**Brief descriptive captions:**
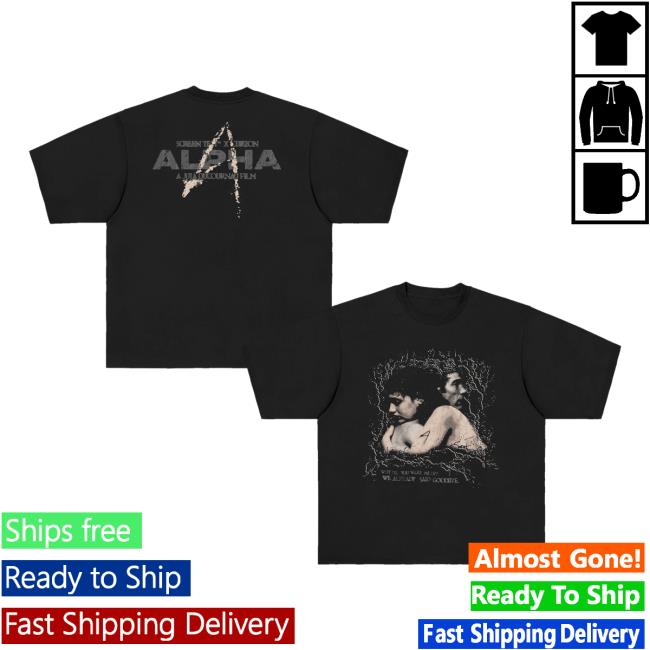 Scrt Merch Store Alpha T-Shirt Black Scrt Merch Store Alpha T-Shirt Black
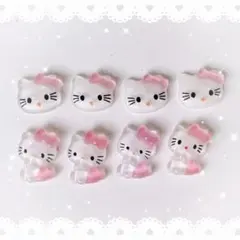 キティちゃんネイルパーツ ハローキティ カボション デコパーツ 薄ピンク
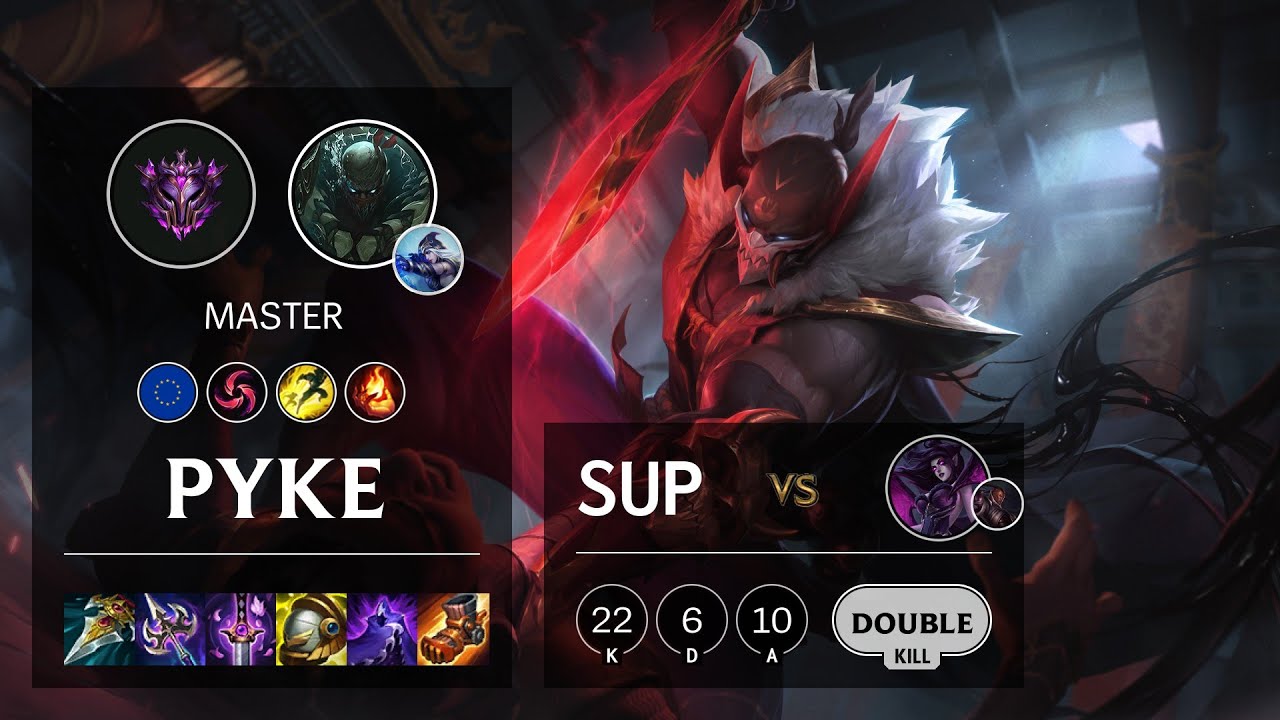Pyke Support vs Morgana - EUW Master Patch 11.18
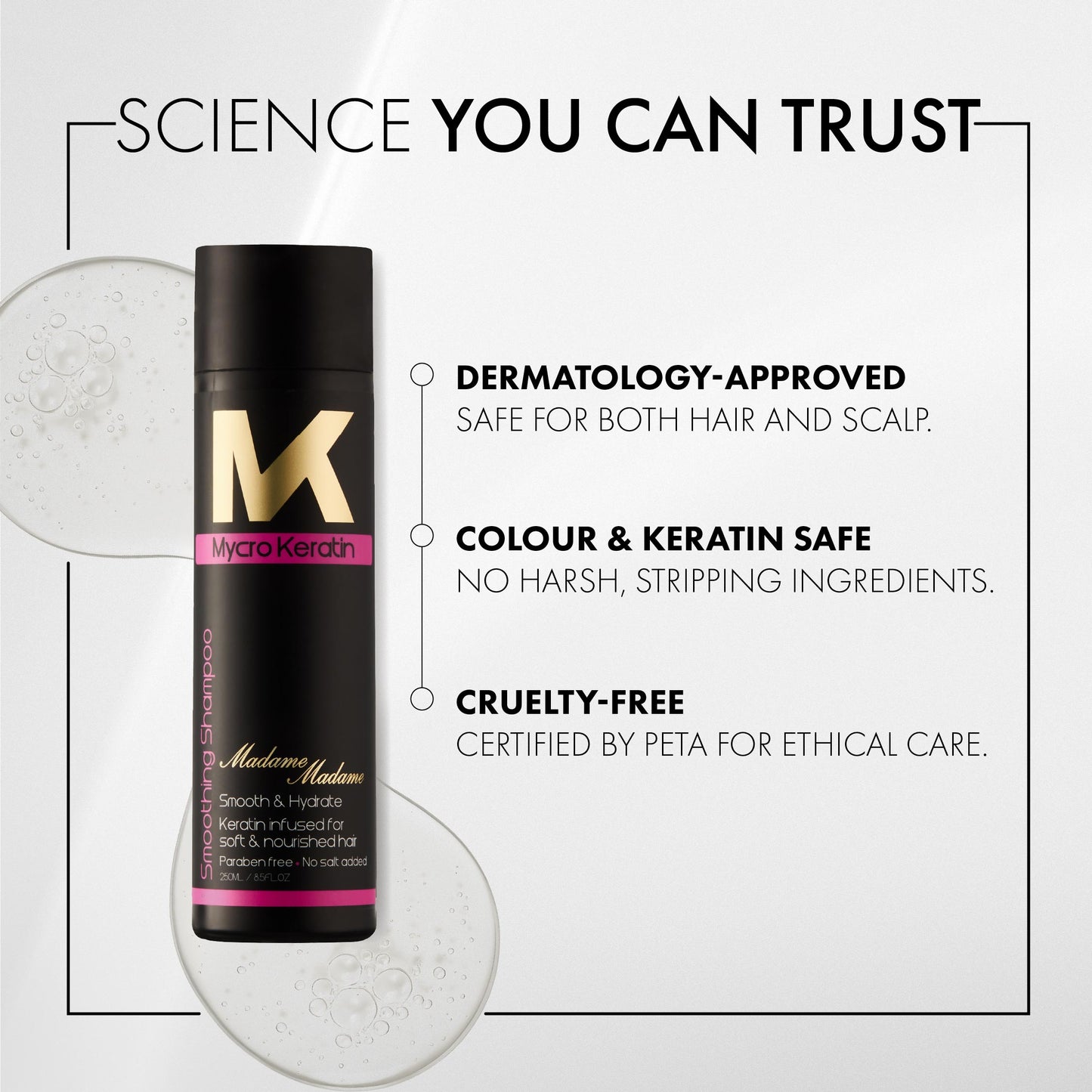 Mycro Keratin Madame Madame Shampoo (250ml)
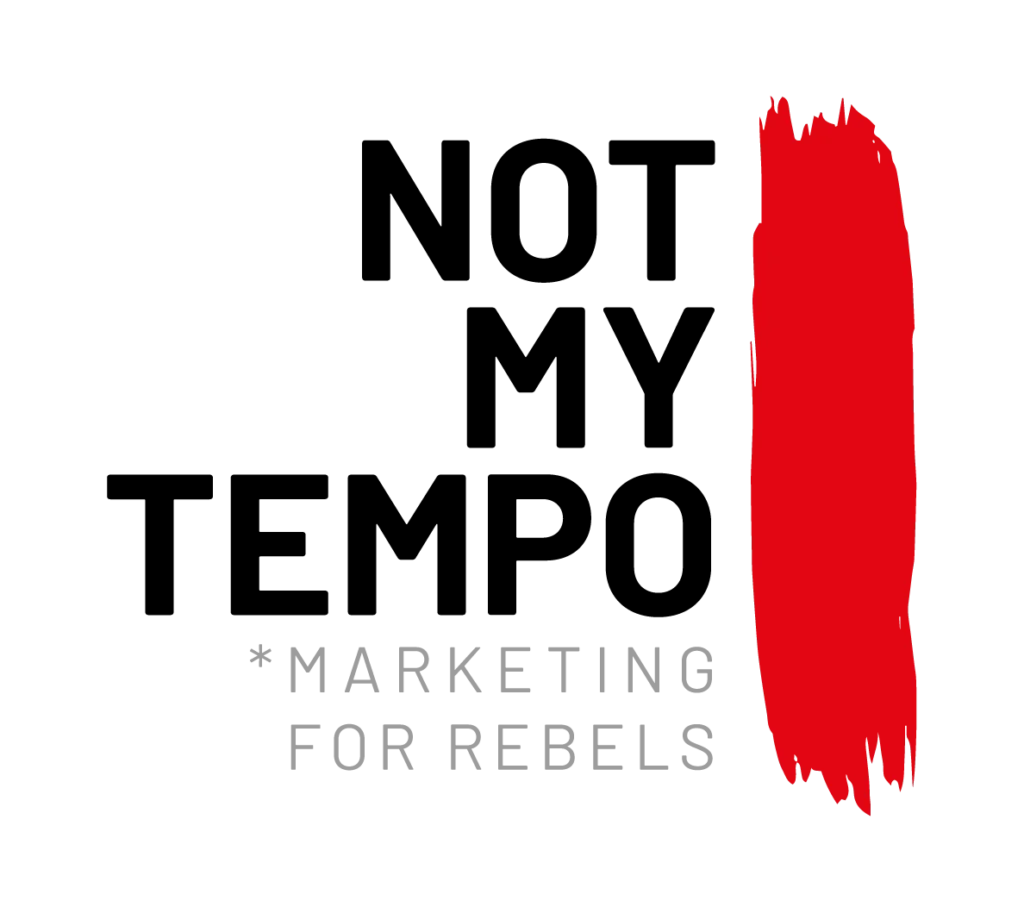 Logo de NOT MY TEMPO, agencia de marketing y publicidad ética.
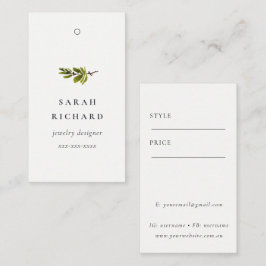 Einfache minimale Preisangabe für die White Pine B Visitenkarte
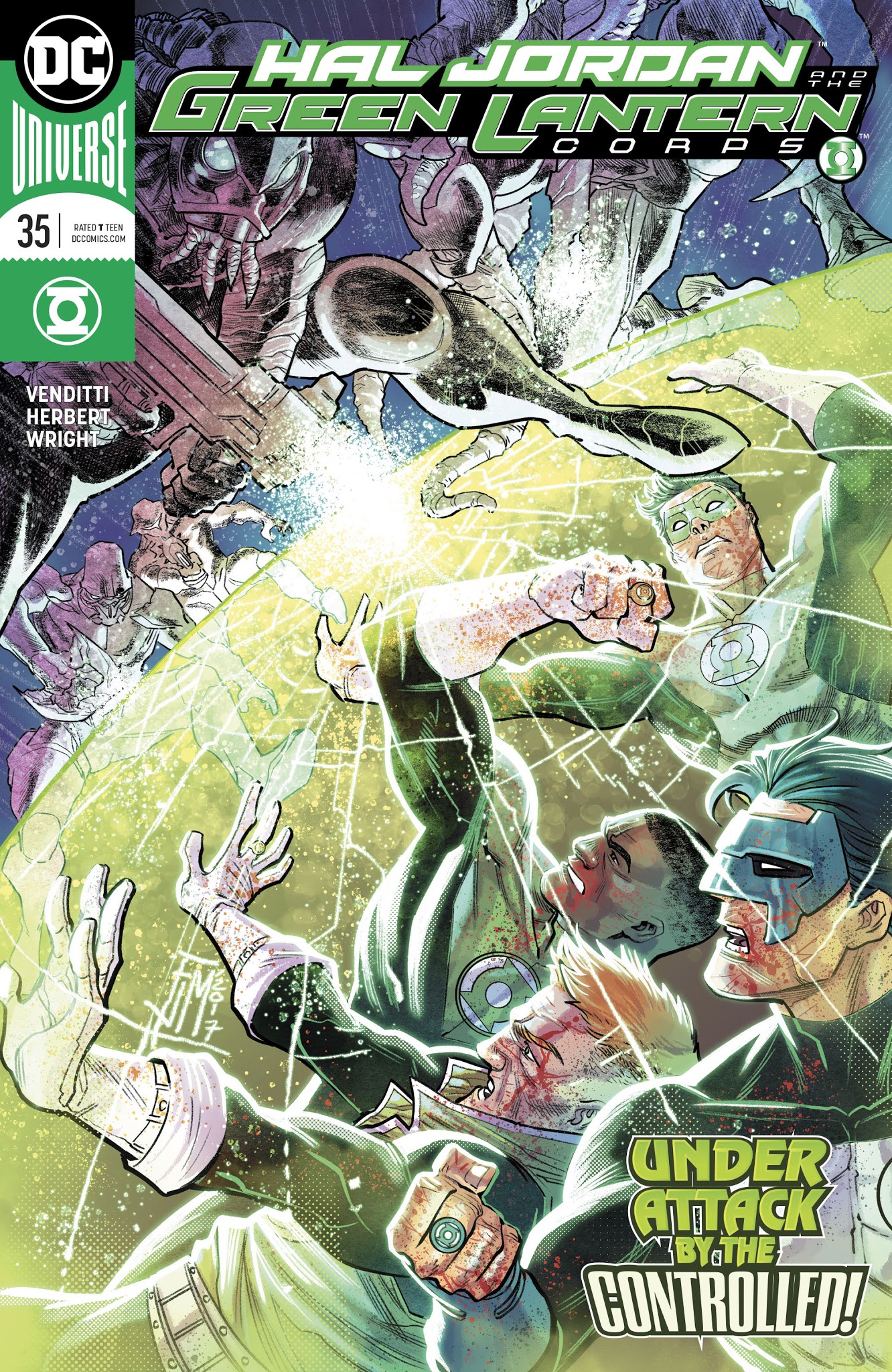 Read online Hal Jordan And The Green Lantern Corps comic -  Issue #35 - 1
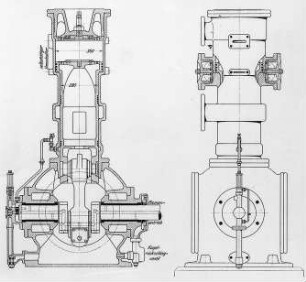 Stehender Kompressor nach Balcke : Technikgeschichte | Industrie und Technik | Gebläse (Luftpumpen, Ventilatoren)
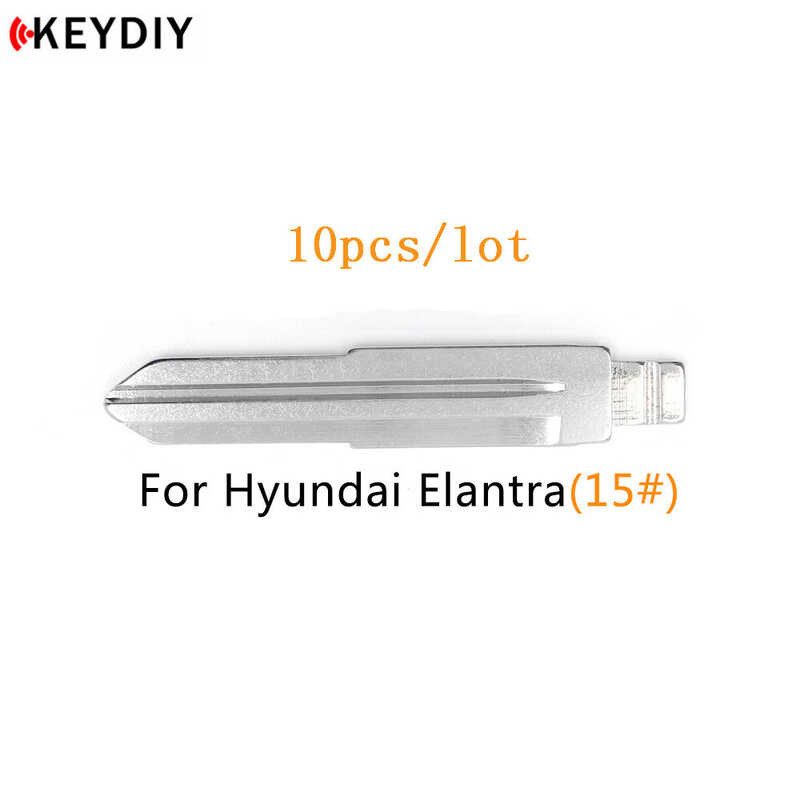 KEYDIY 10Pcs/Lot 15# Metal Blank Uncut Flip Kd/Vvdi/Jmd Remote Hyn6 Key ...
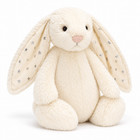White Bunny Plush Toy Floppy Ear Soft Stuffed Rabbit Doll Star Ear Gift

**Assignment:** Give back an exact repeat of the lines from the top of the data through the line that holds "Read online Hal", both included, and omit pictures.

**Reply:**
 Scrt Merch Store Alpha T-Shirt Black Scrt Merch Store Alpha T-Shirt Black
 キティちゃんネイルパーツ ハローキティ カボション デコパーツ 薄ピンク
Pyke Support vs Morgana - EUW Master Patch 11.18
 Mycro Keratin Madame Madame Shampoo (250ml)
 Logo de NOT MY TEMPO, agencia de marketing y publicidad ética.
 Einfache minimale Preisangabe für die White Pine B Visitenkarte
 Read online Hal Jordan And The Green Lantern Corps comic -  Issue #35 - 1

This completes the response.